Jisoo tidak mengeluarkan suaranya. Namun, kepala yang mengangguk sudah cukup dijadikan sebagai jawaban.

Tidak ada pilihan lain. Seokmin harus menurutinya. "Baiklah... Besok, ya. Hari ini aku harus menemui Dokter dulu. Supaya kamu aman."

Seokmin sudah bertekat. Sejak dulu. Bahkan di detik pertama saat Jisoo menganggukkan kepalanya dan menerima pernyataan cinta Seokmin. Apa pun akan Seokmin lakukan agar Jisoo terus bahagia bersamanya. Tidak ada kenangan buruk yang tercipta. Jadi, Seokmin sungguh tak memiliki alasan untuk menolak permintaan Jisoo yang satu ini. Pemuda bangir itu merangkul Jisoo dengan penuh kasih sayang. Menyalurkan energi yang ia miliki, berharap si kesayangan dapat bertahan hingga kencan mereka hari ini berakhir.

Setelah berdebat panjang dengan Dokter yang merawat Jisoo kemarin malam, akhirnya Seokmin berhasil meraih izin untuk pergi berkencan di keesokan harinya. Tentu sang Dokter memberi ribuan catatan kecil yang harus Seokmin ikuti. Dijadikan sebagai syarat untuk membawa Jisoo ke sebuah taman tempat mereka pertama kali berkencan dulu.

Ya, Seokmin sudah gila. Dan dengan kegilaannya ia membawa si gadis manis kesayangan berkencan di sebuah taman. Padahal kekasihnya itu dalam keadaan sakit parah. Tumor otak.

"Aku hampir mati dicekik Doktermu itu tadi malam," kesal Seokmin. "Sepertinya dia tidak melewati masa muda dengan baik."

Jisoo terkekeh geli. Terus bergelayut manja di lengan kekasihnya. Sangat bahagia. Akhirnya ia berhasil menghirup udara segar, tanpa aroma obat-obatan sedikitpun. "Tapi kamu berhasil, Seok. Terima kasih banyak."

"Kamu sungguh tak apa? Kalau merasa pusing, langsung bilang padaku, ya!"

Jisoo mengangguk. "Tenang saja, kondisiku sangat baik hari ini. Aku sangat senang!"

Tidak usah Jisoo katakan pun, Seokmin tahu. Senyuman Jisoo sangat berbinar saat ini. Menggambarkan kebahagiaan yang ketara jumlahnya. Seokmin ikut senang melihatnya. Reaksi wajah bahagia Jisoo sekarang ini sudah sungguh jarang ia temui. Terutama sejak menjalani kemoterapi.

Seokmin mengeratkan balutan kain di leher Jisoo. Juga merapatkan genggaman tangan mereka. "Kamu kedinginan?"

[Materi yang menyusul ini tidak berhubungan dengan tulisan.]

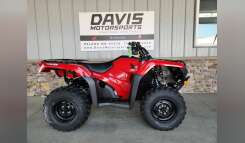 2027 Honda FourTrax Rancher 4x4 Automatic DCT IRS EPS Recreation/Utility ATV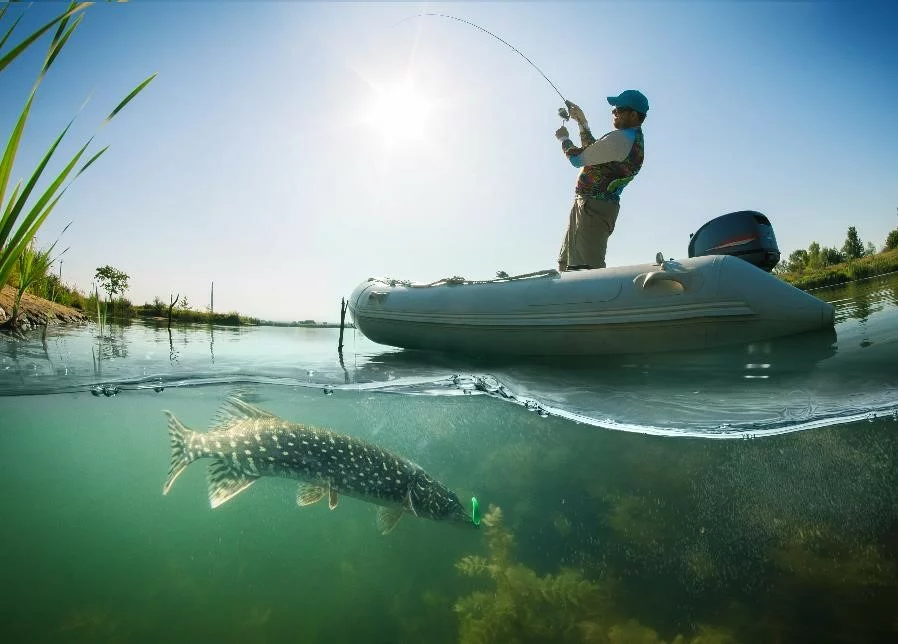 Become a Master Fisher in Jefferson Parish Waters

Jisoo mengangguk sejenak. Tersenyum tipis setelahnya. "Tapi tanganmu hangat," jawab Jisoo, dengan pipi yang merona merah.

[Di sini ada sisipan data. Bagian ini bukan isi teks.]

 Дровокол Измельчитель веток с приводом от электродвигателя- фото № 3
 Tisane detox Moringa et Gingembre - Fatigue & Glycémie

Setelah beberapa belas menit berkeliling, keduanya memutuskan untuk beristirahat dan duduk di salah satu kursi. Berada tepat di bawah pohon rindang. Menghadap sebuah air mancur kecil. Airnya nampak sejuk. Meski tak menyentuh, Jisoo bisa merasakan kesejukannya dari jarak beberapa meter.

Jisoo merebahkan kepalanya ke pundak Seokmin. "Berjanjilah jangan menangis, Seok."

"Kamu bicara apa?"

"Aku sungguh menyayangimu. Hiduplah dengan bahagia."

Seokmin mengangguk. "Aku akan hidup bahagia jika kamu juga bahagia."

"Aku sangat bahagia."

Seokmin tersenyum. "Kamu ingat pertama kali kita bertemu? Aku tidak sengaja menabrakmu dan menumpahkan kopi ke pakaianmu."

Jisoo mengangguk dan tersenyum.

"Juga... Saat aku mengajakmu berkencan untuk pertama kalinya.. Reaksimu sangat lucu, Soo. Apalagi saat aku memintamu untuk menjadi kekasihku. Wajahmu merah dan matamu sangat berbinar. Saat itu aku kembali jatuh cinta padamu untuk yang keseribu kalinya."

Jisoo tersenyum lebar.

"Soo, aku tidak tahu apa yang akan terjadi nantinya. Entah aku dulu yang pergi atau kamu, aku hanya ingin mengatakan satu hal padamu, aku sungguh mencintaimu."

Jisoo memejamkan matanya.

"Tidak peduli entah akhirnya kita akan bersama atau tidak. Aku akan selalu meronta dan berteriak. Mempertahankanmu agar tetap bersamaku. Meski aku harus melawan takdir."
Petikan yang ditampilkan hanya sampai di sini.